Requirements for Proximal Gradient Descent Algorithm to Converge When Using Momentum (Accelerated Descent)

423 Views Asked by At

I'm trying to solve following convex optimization function: $min_W g(W) + h(W)$, where the $g$ is convex and differentiable and $h$ in convex an non-smooth. $g(W)=||Y-WX||_F^2$ is square loss function.

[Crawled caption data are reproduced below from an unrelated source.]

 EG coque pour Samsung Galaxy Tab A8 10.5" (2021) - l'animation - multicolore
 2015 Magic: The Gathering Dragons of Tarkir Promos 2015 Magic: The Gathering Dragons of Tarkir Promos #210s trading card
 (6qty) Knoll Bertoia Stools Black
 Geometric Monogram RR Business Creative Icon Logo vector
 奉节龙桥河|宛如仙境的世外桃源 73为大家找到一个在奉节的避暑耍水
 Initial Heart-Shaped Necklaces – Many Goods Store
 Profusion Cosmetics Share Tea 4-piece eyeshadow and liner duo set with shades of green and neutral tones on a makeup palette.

Note that,$X,W,Y$ all are matrices. $h(W)$ is non-smooth function with known proximal operator (shoft-tresholding(shirnkage(W))). I use fixed step size (t_k=0.02). I tried to do backtracking line search, but I was not sure how to extend it to the case where $Y and W$ are matrices (when they are both vectors, it's pretty easy to do it)

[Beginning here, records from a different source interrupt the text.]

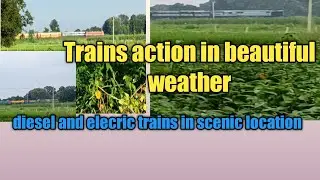 Trains in lap of nature !! रमणीय भारतीय रेल #indianrailways #beautyofrailways #trainsinrain #IR
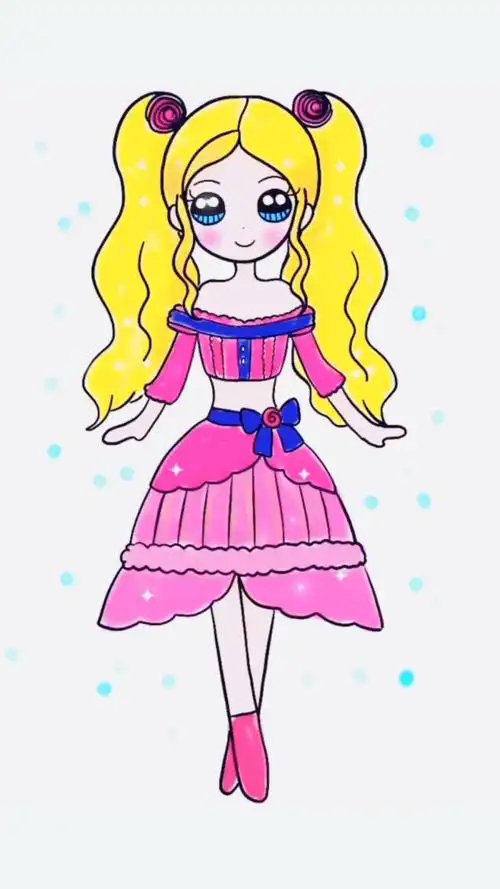 画卡通动画 叶罗丽莫纱 小明星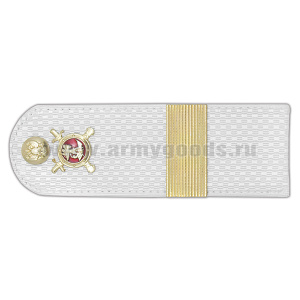 Погоны Полиции (ОВД) на белую рубашку (без канта), укомпл. мет. фурнитурой (ст. сержант) пластик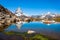 Riffelsee lake and Matterhorn, Switzerland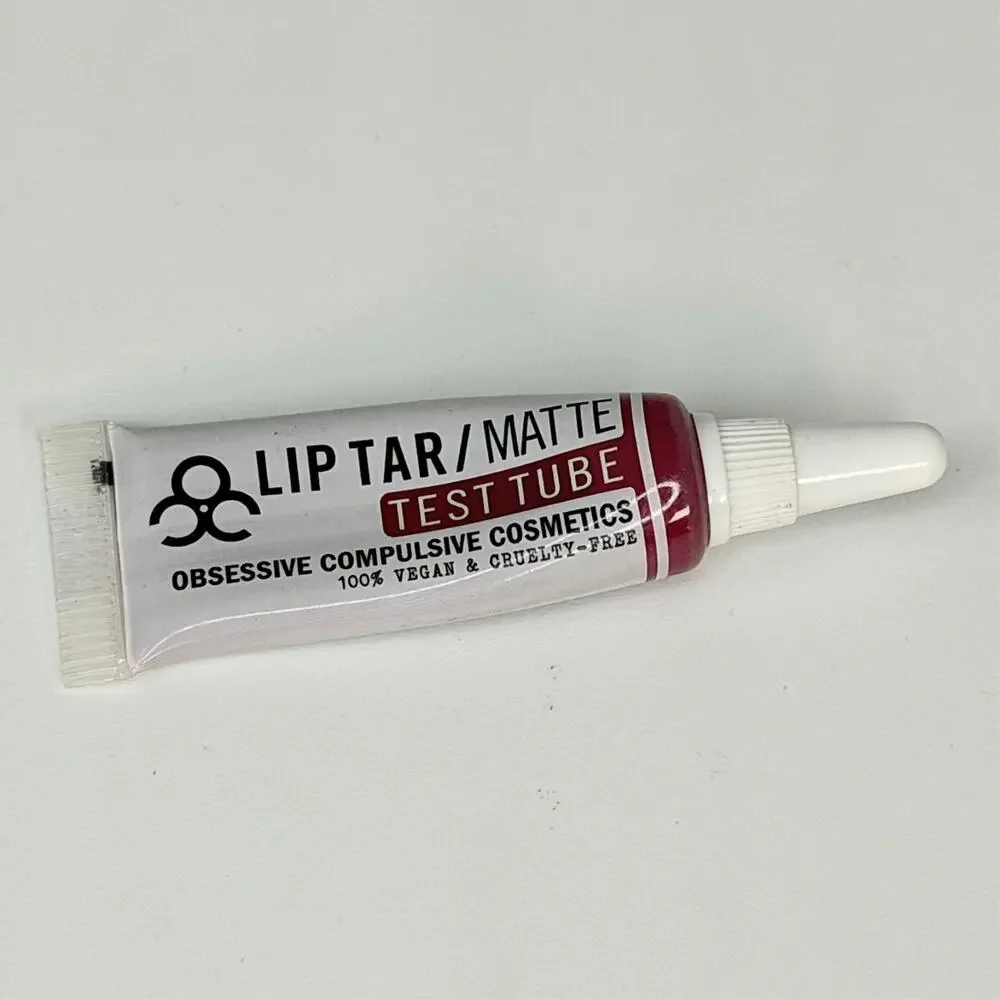 Obsessive Compulsive Cosmetics Lip Tar Matte Strumpet Red Travel .08oz 2.5ml New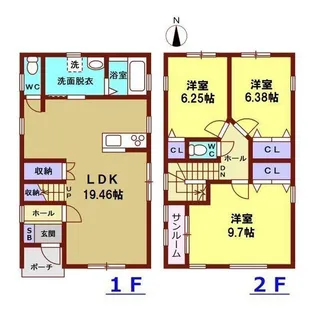 石川県野々市市三納2【一戸建】の間取り
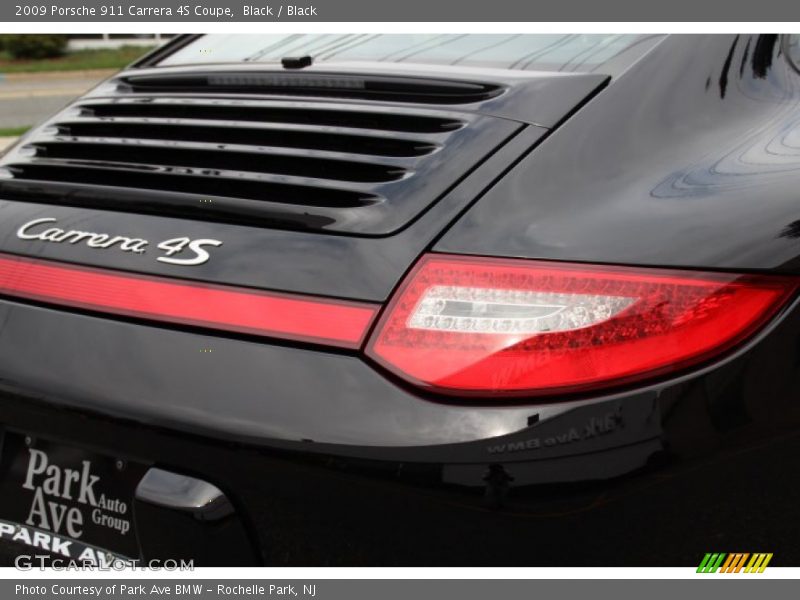 Black / Black 2009 Porsche 911 Carrera 4S Coupe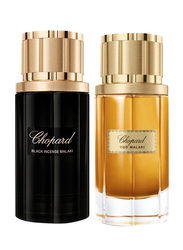 Chopard 2-Piece Perfume Set Unisex, Black Incense Malaki 80ml EDP, Oud Malaki 80ml EDP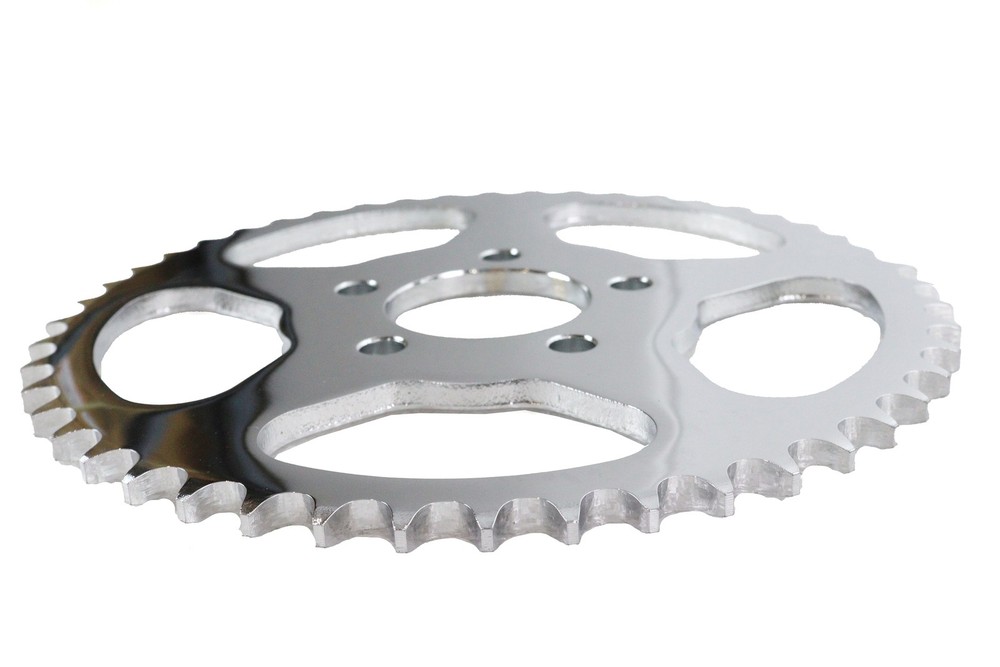 Rear Sprocket Flat Chrome 48 Tooth fits Harley Davidson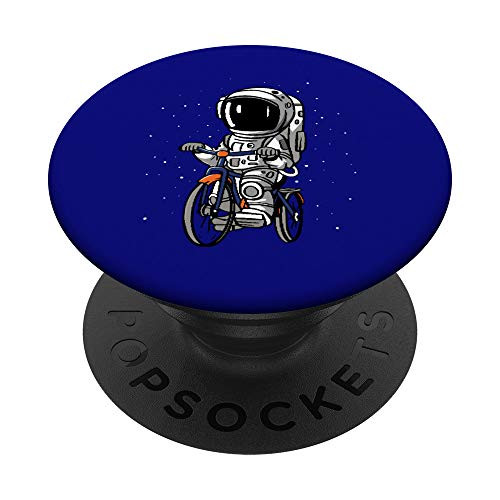 Astronaut Riding A Bike Cycling Space Bicycle PopSockets PopGrip Swappable Grip for Phones and Tablets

Unfortunately when I use momentum (Nestrove acceleration approach), my algorithm does not converge. Here how I compute momentum:

$W^{(0)}=W^{(-1)} \in R^n$, we repeat:

$v=W^{(W-1)} + \frac{k-2}{k-1}(W^{(k-1)}-W^{(k-1)})$

$W^{(k)}=prox_{tk}(v-t_k\nabla g(v))$

for k=1,2,3,....

Does anybody have some hints regarding computing momentum for accelerared proximal gradient descent method ? second, is it possible to adapt back-tracking line search for the case where $Y and W$ are matrices ?